DATA FOR REVIEW START
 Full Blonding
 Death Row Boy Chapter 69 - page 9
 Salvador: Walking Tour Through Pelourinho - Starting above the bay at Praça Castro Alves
DATA FOR REVIEW END
DATA FOR REVIEW START
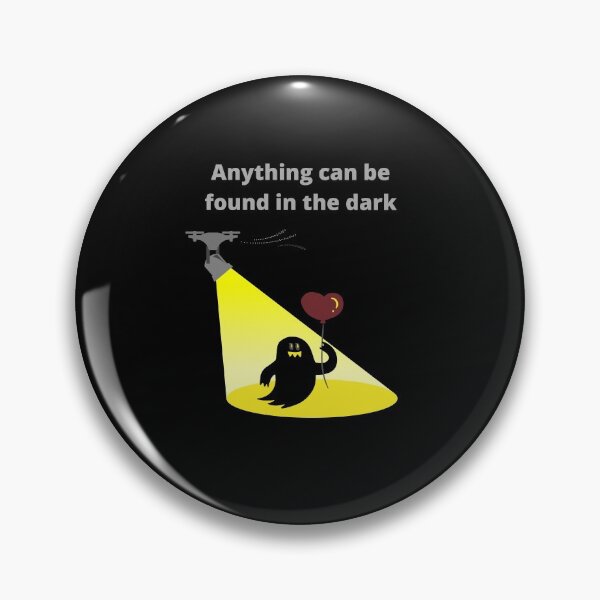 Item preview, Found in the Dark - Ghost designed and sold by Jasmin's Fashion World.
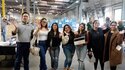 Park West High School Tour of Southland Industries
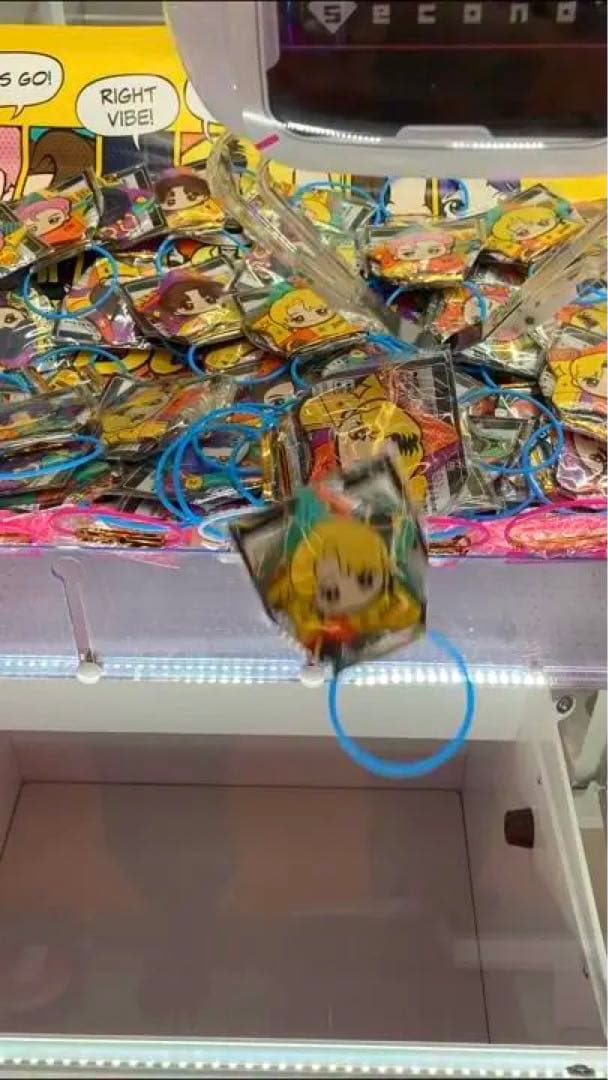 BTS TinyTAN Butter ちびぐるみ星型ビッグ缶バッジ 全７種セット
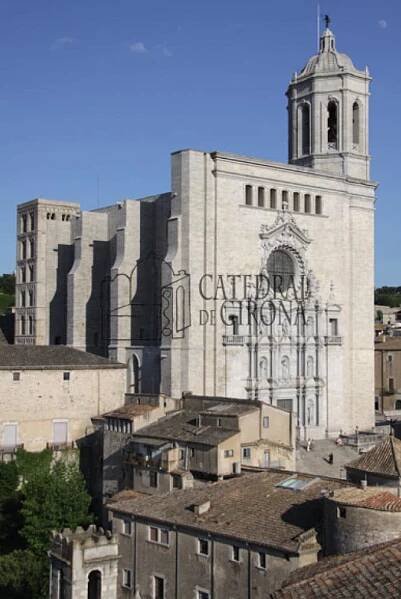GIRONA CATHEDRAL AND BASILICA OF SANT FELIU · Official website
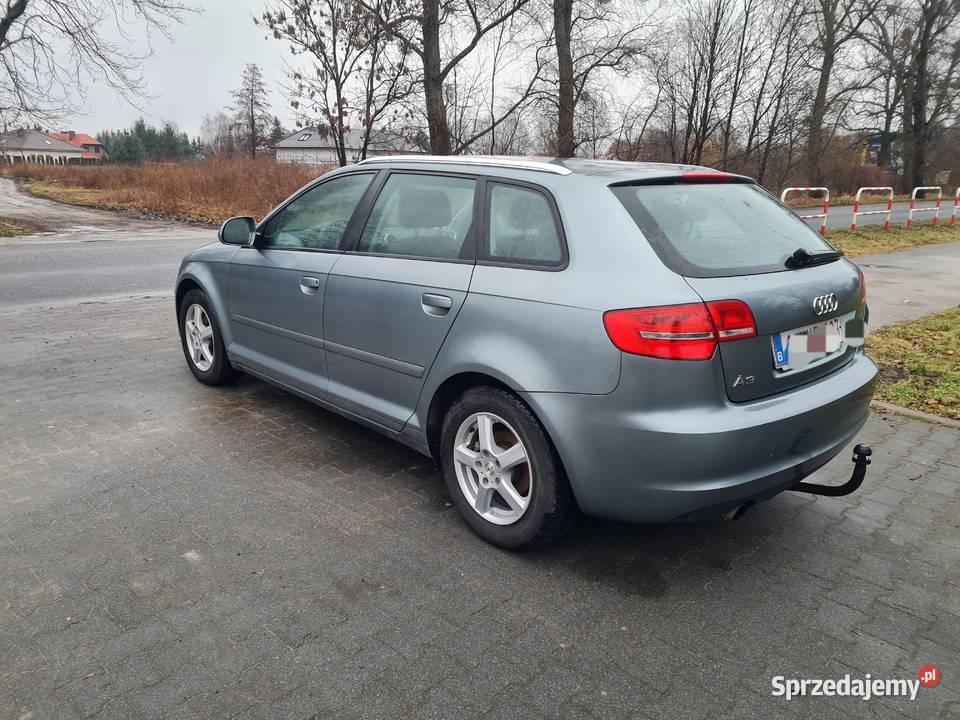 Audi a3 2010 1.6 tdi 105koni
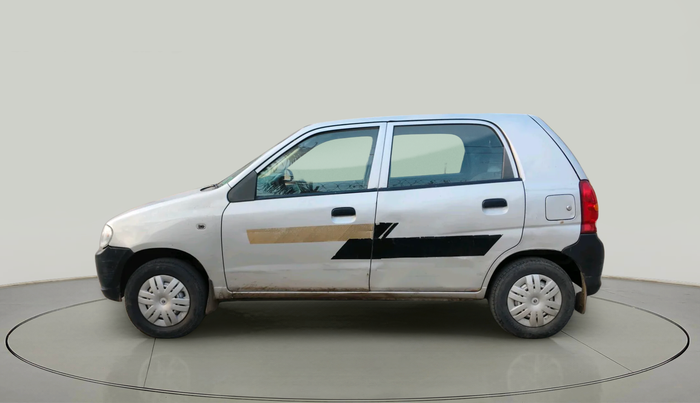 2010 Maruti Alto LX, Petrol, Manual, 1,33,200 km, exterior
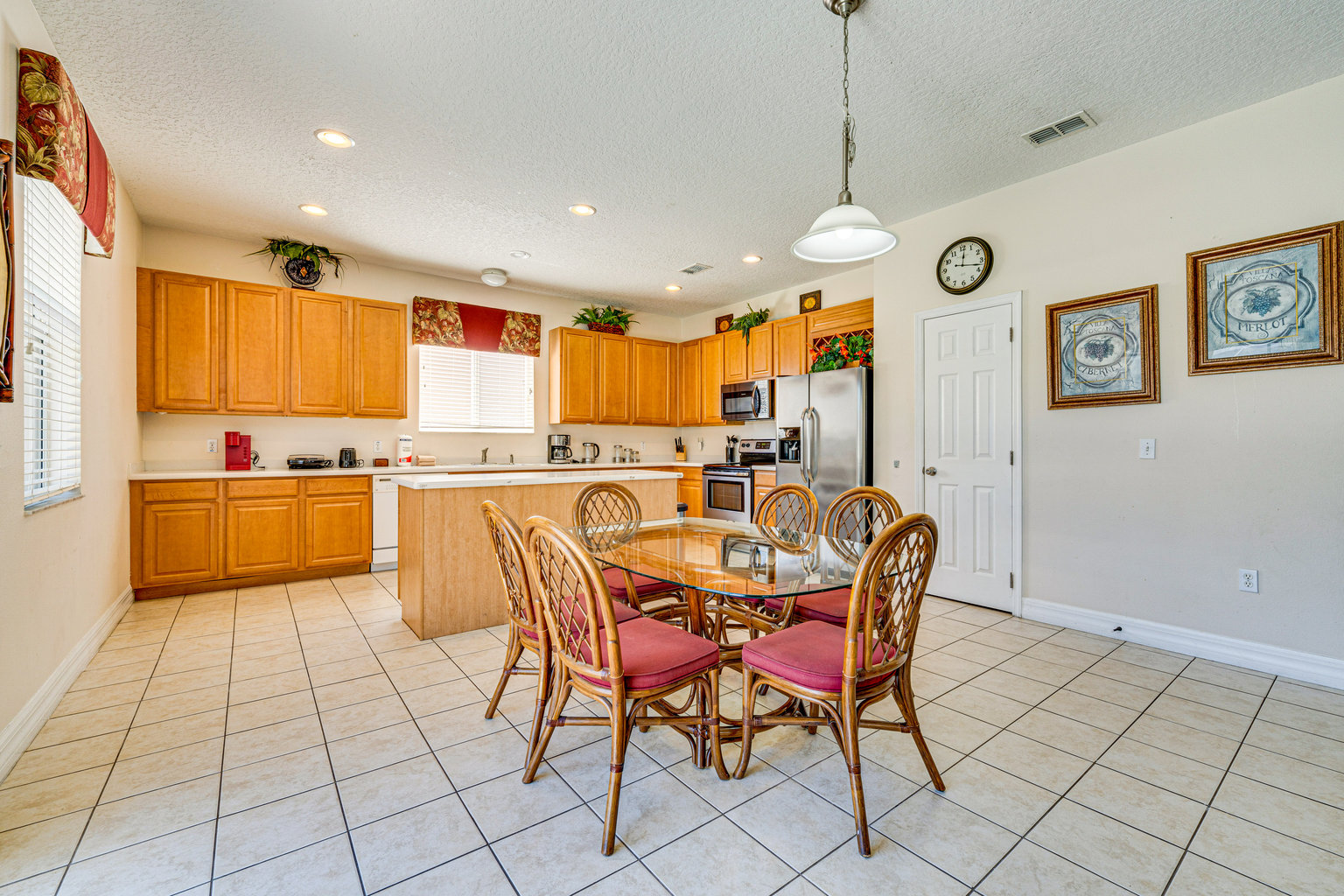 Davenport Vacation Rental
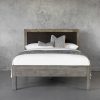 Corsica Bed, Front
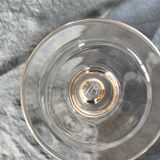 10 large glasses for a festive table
DATA FOR REVIEW END
DATA FOR REVIEW START
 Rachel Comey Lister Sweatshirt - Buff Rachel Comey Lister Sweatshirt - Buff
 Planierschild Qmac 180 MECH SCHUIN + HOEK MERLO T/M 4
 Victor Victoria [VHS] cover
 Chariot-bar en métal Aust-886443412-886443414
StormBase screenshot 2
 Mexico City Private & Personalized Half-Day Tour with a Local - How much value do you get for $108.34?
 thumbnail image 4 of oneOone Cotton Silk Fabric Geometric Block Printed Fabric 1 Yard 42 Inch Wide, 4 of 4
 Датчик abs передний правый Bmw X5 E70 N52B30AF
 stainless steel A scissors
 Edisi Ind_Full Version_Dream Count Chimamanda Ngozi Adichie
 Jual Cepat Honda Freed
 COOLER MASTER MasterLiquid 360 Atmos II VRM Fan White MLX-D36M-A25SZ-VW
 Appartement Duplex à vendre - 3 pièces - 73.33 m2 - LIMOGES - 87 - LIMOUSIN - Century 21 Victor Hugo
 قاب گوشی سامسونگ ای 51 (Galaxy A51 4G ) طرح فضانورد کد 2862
DATA FOR REVIEW END
Reproduce word for word the material above, starting with the line that has "Mexico City Private" and stopping after the line that has "stainless steel A scissors".

 Mexico City Private & Personalized Half-Day Tour with a Local - How much value do you get for $108.34?
 thumbnail image 4 of oneOone Cotton Silk Fabric Geometric Block Printed Fabric 1 Yard 42 Inch Wide, 4 of 4
 Датчик abs передний правый Bmw X5 E70 N52B30AF
 stainless steel A scissors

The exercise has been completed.